Andy Brogan, global oil and gas transaction advisory services leader at E&Y and author of the report, said: "NOCs and supermajors continue to show a real determination to push ahead with their major capital expenditure plans this year, at least for now. The year 2008 was a record year for capital investment by the sector and 2009 is shaping up to be another record year. Companies are wary of finding themselves in a position where they have to play catch-up on investment when the upturn materialises." He said despite IEA current estimates for oil demand, investment is still required in production capacity enhancement projects to offset falling output due to natural field depletion. "Most oil and gas companies have indicated they will spend more than half of their capital investment on upstream operations."

Brazil and China of the Bric economies are emerging as powerhouses for the upstream investments, E&Y said. "The economic slowdown, a dramatic fall in oil prices and investors' flight from risk have left many reserve-rich state-owned oil and gas companies less able to finance projects with surplus cash flows. Some NOCs are looking at cost-cutting measures, while countries such as Indonesia are introducing stimulus packages to aid the sector. Many reserve holders' ambitions to expand overseas are also being scaled back to prioritise domestic projects. However, substantial financial commitments are still being made for oil and gas projects in China and Brazil."

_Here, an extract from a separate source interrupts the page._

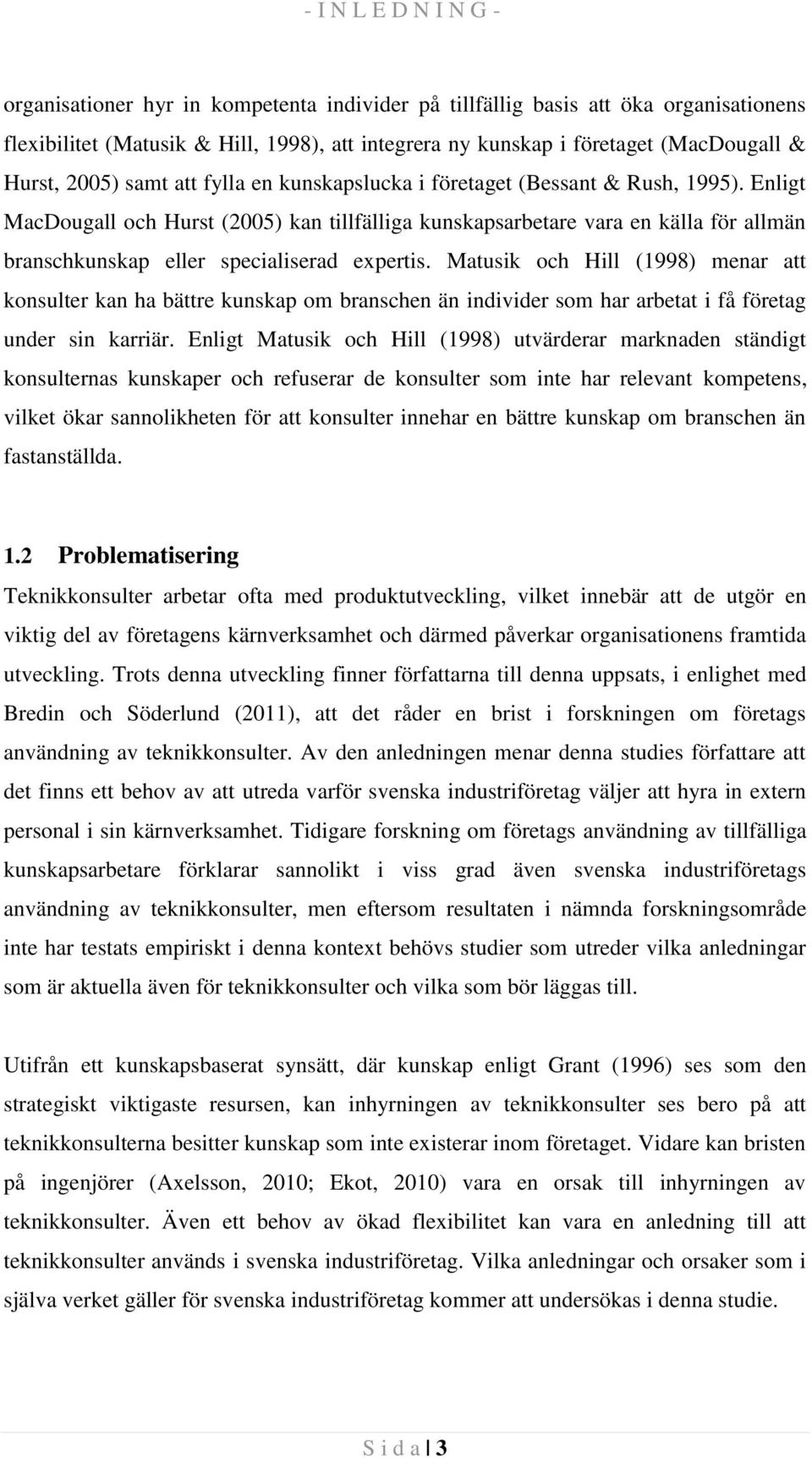 Enligt MacDougall och Hurst (2005) kan tillfälliga kunskapsarbetare vara en källa för allmän branschkunskap eller specialiserad expertis.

Brazil is set to become a major producer following pre-salt discoveries by Petrobras, which plans to invest $28bn in pre-salt areas as part of its $174bn business plan to 2013 – around 90 per cent of its total investment will be targeted at projects in Brazil, E&Y said. Brazil apparently has also made good investments in developing LNG technology. The country recently introduced a facility where liquefaction of gas into LNG could be carried out onboard a ship. The technology is now reportedly being replicated in Japan – the country which is the highest consumer of LNG in the world.

"The investment allocated by Petrobras for 2009 represents 38 per cent of the planned $91bn expenditure by South American NOCs this year, with Asian NOCs collectively to invest more than $98bn, almost half ($42bn) of which has been allocated by China's CNPC," E&Y said.

By comparison, the combined capital expenditure of NOCs in Africa, CIS and the Middle East is a fraction of their Asian and South American counterparts put together. The report calculated that the NOCs of Africa announced $21bn of investment this year compared to $36bn for the CIS and $29bn for the Middle East.

Don Painter, Leader of E&Y's Middle East Oil and Gas Practice, said: "While public figures suggest the investment Middle East NOCs have committed to this year is below the levels of NOCs in Asia and South America, there is still plenty of cash available in the Middle East for the right type of investment. Cash-rich GCC producers are currently evaluating investment options that match their ROI aspirations. They are still seeking appropriate investment opportunities in the region and elsewhere. The slowdown in their capital expenditure does not reflect their appetite for major investments.''

Interestingly, the IOCs would not only offer technical expertise but also the much-needed access to finances to the NOCs, E&Y said. "When the NOCs had easy access to capital they were in a position to dictate terms with their IOC partners, but the volatility in financial markets means that IOCs with sufficient liquidity will be able to offer potential partners not only technological and operational expertise but also access to much needed capital," said Brogan.